To find the level of Q that maximizes net benefits, we need to calculate the difference between the total benefits (B(Q)) and the total costs (C(Q)). In this case, the net benefits (NB) can be represented as NB(Q) = B(Q) - C(Q).Given B(Q) = 40Q - 2\(Q^2\) and C(Q) = 4 + 2\(Q^2\), we can substitute these expressions into the net benefits equation:
NB(Q) = (40Q - 2\(Q^2\)) - (4 + 2\(Q^2\))
Simplifying, we get:
NB(Q) = 40Q - 2\(Q^2\) - 4 - 2\(Q^2\)
NB(Q) = -4\(Q^2\) + 40Q - 4
To find the level of Q that maximizes net benefits, we need to find the value of Q that maximizes NB(Q).
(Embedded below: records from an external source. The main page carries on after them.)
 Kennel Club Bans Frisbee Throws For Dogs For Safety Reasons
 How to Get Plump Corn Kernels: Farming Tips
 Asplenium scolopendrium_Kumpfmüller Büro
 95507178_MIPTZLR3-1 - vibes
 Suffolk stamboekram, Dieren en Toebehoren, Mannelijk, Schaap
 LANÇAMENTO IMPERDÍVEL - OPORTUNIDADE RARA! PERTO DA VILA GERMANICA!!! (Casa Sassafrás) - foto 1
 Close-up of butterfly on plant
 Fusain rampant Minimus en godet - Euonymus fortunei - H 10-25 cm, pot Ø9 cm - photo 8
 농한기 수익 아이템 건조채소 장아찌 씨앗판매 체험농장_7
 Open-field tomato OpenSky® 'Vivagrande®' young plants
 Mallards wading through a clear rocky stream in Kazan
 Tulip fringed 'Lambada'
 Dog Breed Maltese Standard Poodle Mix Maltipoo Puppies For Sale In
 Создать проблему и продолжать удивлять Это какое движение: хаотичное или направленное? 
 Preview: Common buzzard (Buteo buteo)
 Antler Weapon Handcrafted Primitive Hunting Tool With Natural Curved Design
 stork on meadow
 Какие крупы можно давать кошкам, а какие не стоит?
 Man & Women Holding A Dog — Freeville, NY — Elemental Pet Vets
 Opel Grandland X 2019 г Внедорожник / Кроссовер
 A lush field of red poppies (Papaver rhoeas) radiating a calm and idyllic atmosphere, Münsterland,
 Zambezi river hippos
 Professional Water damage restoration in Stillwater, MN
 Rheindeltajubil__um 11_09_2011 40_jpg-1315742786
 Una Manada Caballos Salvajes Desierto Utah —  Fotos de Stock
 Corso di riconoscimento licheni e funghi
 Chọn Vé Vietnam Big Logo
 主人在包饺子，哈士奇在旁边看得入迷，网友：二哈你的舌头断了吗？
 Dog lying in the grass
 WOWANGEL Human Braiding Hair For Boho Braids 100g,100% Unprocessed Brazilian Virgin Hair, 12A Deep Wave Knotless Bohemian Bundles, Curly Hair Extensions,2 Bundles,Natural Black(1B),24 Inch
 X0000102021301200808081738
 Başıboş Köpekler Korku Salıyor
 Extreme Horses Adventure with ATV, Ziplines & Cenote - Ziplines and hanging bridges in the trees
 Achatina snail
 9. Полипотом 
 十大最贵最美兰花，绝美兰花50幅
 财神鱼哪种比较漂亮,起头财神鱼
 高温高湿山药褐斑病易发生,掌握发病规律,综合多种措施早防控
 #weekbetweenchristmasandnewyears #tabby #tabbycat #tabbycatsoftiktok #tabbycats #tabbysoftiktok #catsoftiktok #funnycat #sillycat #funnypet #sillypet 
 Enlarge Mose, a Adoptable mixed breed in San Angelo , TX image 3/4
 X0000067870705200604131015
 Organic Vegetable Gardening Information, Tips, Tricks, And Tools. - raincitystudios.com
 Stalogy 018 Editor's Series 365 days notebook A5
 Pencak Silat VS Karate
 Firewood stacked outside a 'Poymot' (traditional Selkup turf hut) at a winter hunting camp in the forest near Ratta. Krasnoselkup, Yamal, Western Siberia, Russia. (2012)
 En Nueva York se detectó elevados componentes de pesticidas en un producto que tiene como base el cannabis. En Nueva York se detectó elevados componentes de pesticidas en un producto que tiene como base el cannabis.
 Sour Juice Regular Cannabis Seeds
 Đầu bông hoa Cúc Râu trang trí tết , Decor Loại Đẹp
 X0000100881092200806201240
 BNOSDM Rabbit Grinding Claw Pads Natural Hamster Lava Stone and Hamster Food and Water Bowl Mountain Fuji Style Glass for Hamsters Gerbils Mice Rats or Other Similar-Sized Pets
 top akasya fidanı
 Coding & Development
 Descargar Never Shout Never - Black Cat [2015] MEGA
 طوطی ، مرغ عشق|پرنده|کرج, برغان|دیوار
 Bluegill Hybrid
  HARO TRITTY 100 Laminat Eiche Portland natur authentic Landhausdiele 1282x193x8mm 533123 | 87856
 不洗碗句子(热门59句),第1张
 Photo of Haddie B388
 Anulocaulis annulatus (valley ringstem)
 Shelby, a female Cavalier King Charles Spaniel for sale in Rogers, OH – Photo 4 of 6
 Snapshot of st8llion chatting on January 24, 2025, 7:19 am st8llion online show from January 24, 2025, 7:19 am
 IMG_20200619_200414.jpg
This can be done by finding the maximum point of the quadratic function. In this case, the maximum point occurs at the vertex of the quadratic.
The formula for the x-coordinate of the vertex of a quadratic function of the form a\(x^2\) + bx + c is given by x = -b / (2a). In our case, a = -4 and b = 40.

Calculating the x-coordinate of the vertex:
Q = -40 / (2 * -4)
Q = 40 / 8
Q = 5
Therefore, the level of Q that yields the maximum net benefits is Q = 5. Plugging this value back into the net benefits equation, we can calculate the maximum level of benefits:
NB(5) = -4\((5)^2\) + 40(5) - 4
NB(5) = -4(25) + 200 - 4
NB(5) = -100 + 200 - 4
NB(5) = 96
Hence, the maximum level of benefits is 96.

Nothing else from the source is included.